The gift card drew her in.
But once she got started,
she was hooked,
excited to be learning
new parenting tools.
Having already raised two of her four children, Cati Escobedo didn’t think she needed a parenting class at Empower House, a nonprofit that provides an array of community health and youth programming.
She did take a class, she admits, for the gift card the participants would receive once they completed the month-long commitment.
“I went in thinking, ‘What can they possibly tell me?'” said Escobedo, 41, who’s still raising a 5- and 7-year-old. “I have already gone through this with my older kids. I already got this down. I already know the tricks up their sleeve, I thought. But no, they surprised me with all this other information.”
The gift card drew her in. But once she got started, she was hooked, excited to be learning new parenting tools.
“And then you go home and actually put one of those (tools) to use,” Escobedo said. “The biggest thing that we did learn, and it sticks in my head, is consistency. You got to remain consistent.”
Escobedo first learned about the class because her kids are enrolled in Head Start, the City of San Antonio program that provides early childhood education for students attending schools at Edgewood and San Antonio independent school districts.
At Empower House, parenting classes are one of a number of services they offer.
The nonprofit began as the Martinez Street Women’s Center in 1999 on the East Side, with an emphasis on reproductive health services mainly for women of color. Earlier this year, the nonprofit changed its name to Empower House because it has matured into a multi-faceted social services organization.
Andrea Figueroa, Empower House’s executive director, talks about the importance of building community to support people who have not received consistent support from our society and institutions.
“So youth can have a place to talk about their own experiences, sort of learn from one another, and increase their social emotional learning, and to be able to think about how we show up for each other in the world, which is probably No. 1,” Figueroa said.
Today, Empower House has two locations, one on the East Side at 801 N. Olive St. and one on the West Side at 200 Donaldson Ave.
These are areas of San Antonio still recovering from the inequities of the past, Figueroa said.
“That really translates into poor health outcomes for the folks who live in these areas, lack of opportunity for youth,” Figueroa said. “Organizations like ours really focus on lifting the community.”
Figueroa said nonprofits like Empower House are important to fill the gaps sometimes not filled by local government.

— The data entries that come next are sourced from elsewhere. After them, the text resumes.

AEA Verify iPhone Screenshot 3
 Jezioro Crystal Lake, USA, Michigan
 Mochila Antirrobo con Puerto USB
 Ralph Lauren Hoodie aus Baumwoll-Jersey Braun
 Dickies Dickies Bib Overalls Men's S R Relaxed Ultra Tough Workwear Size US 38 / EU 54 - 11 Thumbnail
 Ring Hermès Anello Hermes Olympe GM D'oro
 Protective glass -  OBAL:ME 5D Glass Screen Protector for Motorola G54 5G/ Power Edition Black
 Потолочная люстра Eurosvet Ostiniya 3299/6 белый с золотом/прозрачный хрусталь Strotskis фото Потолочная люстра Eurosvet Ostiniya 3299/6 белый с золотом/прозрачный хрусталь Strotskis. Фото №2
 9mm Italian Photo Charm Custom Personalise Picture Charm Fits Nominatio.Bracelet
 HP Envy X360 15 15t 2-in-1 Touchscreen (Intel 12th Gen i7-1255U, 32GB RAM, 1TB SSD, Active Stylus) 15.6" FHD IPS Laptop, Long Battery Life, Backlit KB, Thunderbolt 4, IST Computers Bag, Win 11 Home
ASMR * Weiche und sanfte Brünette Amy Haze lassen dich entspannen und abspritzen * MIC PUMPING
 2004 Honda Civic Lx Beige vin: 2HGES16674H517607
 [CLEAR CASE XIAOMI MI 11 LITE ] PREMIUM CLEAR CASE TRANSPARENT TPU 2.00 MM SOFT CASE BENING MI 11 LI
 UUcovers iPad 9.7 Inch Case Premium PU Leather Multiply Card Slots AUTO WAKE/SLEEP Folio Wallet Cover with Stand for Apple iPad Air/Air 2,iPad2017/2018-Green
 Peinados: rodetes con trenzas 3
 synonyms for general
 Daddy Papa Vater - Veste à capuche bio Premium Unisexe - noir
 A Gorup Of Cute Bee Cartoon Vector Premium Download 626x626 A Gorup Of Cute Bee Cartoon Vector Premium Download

“We’re filling in those gaps where people really need them,” Figueroa said. “We’re on the ground with folks listening to them, and helping them sometimes get out of crisis.”
“We do not turn people away,” she said.
People like Escobedo, a self-employed reseller of cosmetics who wants to be a better parent for her younger kids.
“Hopefully, when they get older,” Escobedo said, “they know they can talk to me and, you know, not run away from their issues or problems. I’m trying to do it differently
with these other two little ones that I have now.”